[PATCH v2] mm/mglru: use folio_mark_accessed to replace folio_set_active
From: Barry Song (Xiaomi)
Date: Mon May 25 2026 - 08:32:56 EST
MGLRU gives high priority to folios mapped in page tables. As a result,
folio_set_active() is invoked for all folios read during page faults. In
practice, however, readahead can bring in many folios that are never
accessed via page tables.
A previous attempt by Lei Liu proposed introducing a separate LRU for
readahead[1] to make readahead pages easier to reclaim, but that approach
is likely over-engineered.
Before commit 4d5d14a01e2c ("mm/mglru: rework workingset protection"),
folios with PG_active were always placed in the youngest generation,
leading to over-protection and increased refaults. After that commit,
PG_active folios are placed in the second youngest generation, which is
still too optimistic given the presence of readahead. In contrast, the
classic active/inactive scheme is more conservative.
This patch switches to using folio_mark_accessed(). If
folio_check_references() later detects referenced PTEs, the folio
will be promoted based on the reference flag set by
folio_mark_accessed(). We should also adjust
WORKINGSET_ACTIVATE and lru_gen_folio_seq(); for example, we should
not unconditionally protect anon folios accordingly.
The following uses a simple model to demonstrate why the current code is
not ideal. It runs fio-3.42 in a memcg, reading a file in a strided
pattern—4KB every 64KB—to simulate prefaulted pages that may not be
accessed.
#!/bin/bash
CG_NAME="mglru_verify_test"
CG_PATH="/sys/fs/cgroup/$CG_NAME"
MEM_LIMIT="400M"
HOT_SIZE="600M"
# 1. Environment Setup
sudo rmdir "$CG_PATH" 2>/dev/null
sudo mkdir -p "$CG_PATH"
sudo chown -R $USER:$USER "$CG_PATH"
echo "$MEM_LIMIT" > "$CG_PATH/memory.max"
# 2. Prepare Data Files
dd if=/dev/urandom of=hot_data.bin bs=1M count=600 conv=notrunc 2>/dev/null
sync
echo 3 > /proc/sys/vm/drop_caches
# 3. Start Workload (Working Set)
(
echo $BASHPID > "$CG_PATH/cgroup.procs"
exec ./fio-3.42 --name=hot_ws --rw=read --bs=4K --size=$HOT_SIZE --runtime=600 \
--zonemode=strided --zonesize=4K --zonerange=64K \
--time_based --direct=0 --filename=hot_data.bin --ioengine=mmap \
--fadvise_hint=0 --group_reporting --numjobs=1 > fio.stats
) &
WORKLOAD_PID=$!
# 4. Waiting for hot data to warm up
sleep 30
BASE_FILE=$(grep "workingset_refault_file" "$CG_PATH/memory.stat" | awk '{print $2}')

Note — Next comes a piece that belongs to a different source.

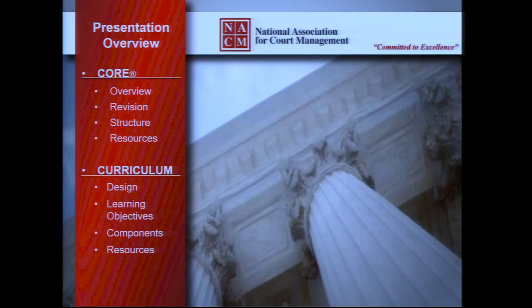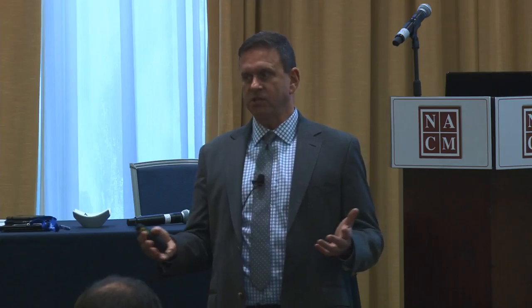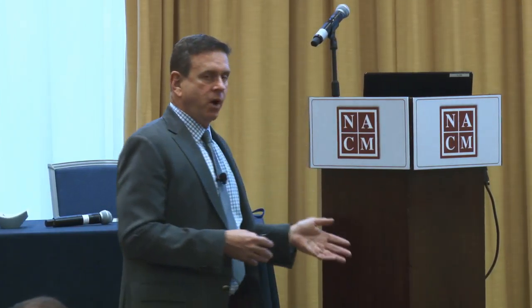I'll give you a brief overview of the CORE, the revision process, the structure of the new CORE, and its resources. For those not familiar, NACOM has its CORE competencies that were the framework and foundation for programming since the early 90s. There was a three-year process of reaching out to court professionals, leaders, administrators, and subject matter experts to review the existing competencies and make recommendations for updates. We'll be sharing the curriculum that has been developed — its design, learning objectives, and resources.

# 5. Running workload for 60second
sleep 60
# 6. Report refault and IO bandwidth
FINAL_FILE=$(grep "workingset_refault_file" "$CG_PATH/memory.stat" | awk '{print $2}')
FINAL_D_FILE=$((FINAL_FILE - BASE_FILE))
echo "File Refault Delta is $FINAL_D_FILE"
kill $WORKLOAD_PID 2>/dev/null
sleep 2
grep -E "READ|WRITE" fio.stats \
| awk '{for(i=1;i<=NF;i++){if($i ~ /^bw=/) bw=$i; if($i ~ /^io=/) io=$i} print $1, bw, io}'
rm -f hot_data.bin fio.stats
Without the patch, we observed 12883855 file refaults and a very low
bandwidth of 58.5 MiB/s, because prefaulted but unused pages occupy hot
positions, continuously pushing out the real working set and causing
incorrect reclaim. With the patch, we observed 0 refaults and bandwidth
increased to 5078 MiB/s.
Running the same test on x86:
w/o patch:
File Refault Delta is 3240029
READ: bw=13.2MiB/s io=1183MiB
w/ patch:
File Refault Delta is 0
READ: bw=7708MiB/s io=676GiB
On x86, running a kernel build inside a memcg with a 1GB memory
limit using 20 threads.
w/o patch:
real 1m50.764s
user 25m32.305s
sys 4m0.012s
pswpin: 1333245
pswpout: 4366443
pgpgin: 6962592
pgpgout: 17780712
swpout_zero: 1019603
swpin_zero: 14764
refault_file: 287794
refault_anon: 1347963
w/ patch:
real 1m48.915s
user 25m31.261s
sys 3m43.685s
pswpin: 915629
pswpout: 3207173
pgpgin: 5249268
pgpgout: 13154492
swpout_zero: 816100
swpin_zero: 15676
refault_file: 257271
refault_anon: 931259
active/inactive LRU:
real 1m49.928s
user 25m28.196s
sys 3m40.740s
pswpin: 463452
pswpout: 2309119
pgpgin: 4438856
pgpgout: 9568628
swpout_zero: 743704
swpin_zero: 7244
refault_file: 562555
refault_anon: 470694
Lance and Xueyuan made a huge contribution to this patch through testing.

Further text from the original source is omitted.